__WHAT THE TASK REQUIRES__:
Please output the section of the listing below that opens with the line containing "OLAF vs SHACO" and closes with the line containing "Loewe Ivory Leather Handbag", exactly and with nothing else.

__PROVIDED RECORDS__:
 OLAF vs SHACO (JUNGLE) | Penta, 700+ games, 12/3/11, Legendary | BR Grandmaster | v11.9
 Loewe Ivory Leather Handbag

* * *

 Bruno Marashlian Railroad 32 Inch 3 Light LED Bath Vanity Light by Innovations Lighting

--

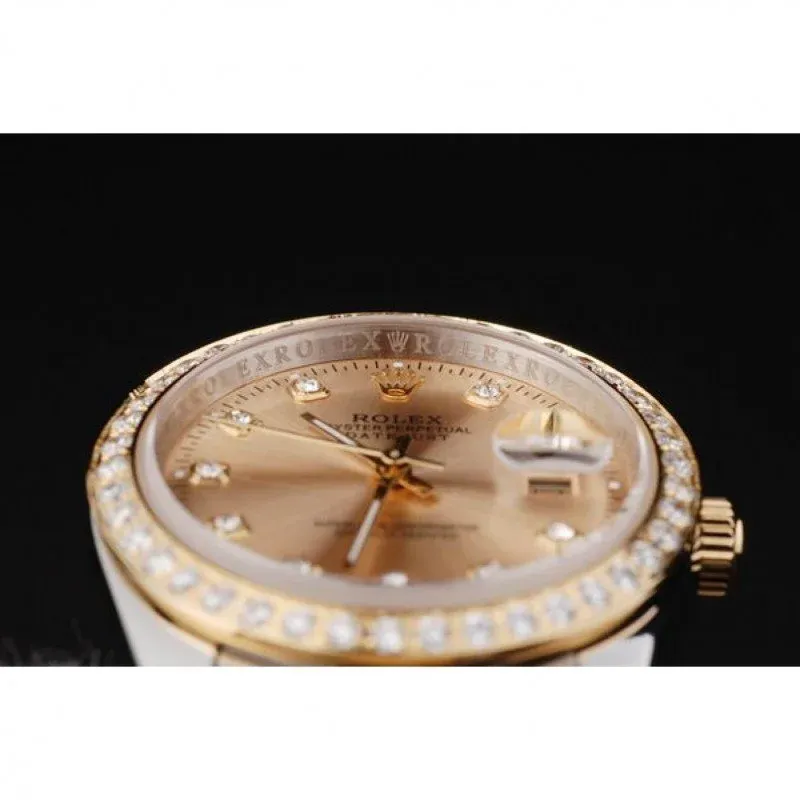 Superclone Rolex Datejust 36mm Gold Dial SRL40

__RESULT OF THIS EXERCISE__:
 OLAF vs SHACO (JUNGLE) | Penta, 700+ games, 12/3/11, Legendary | BR Grandmaster | v11.9
 Loewe Ivory Leather Handbag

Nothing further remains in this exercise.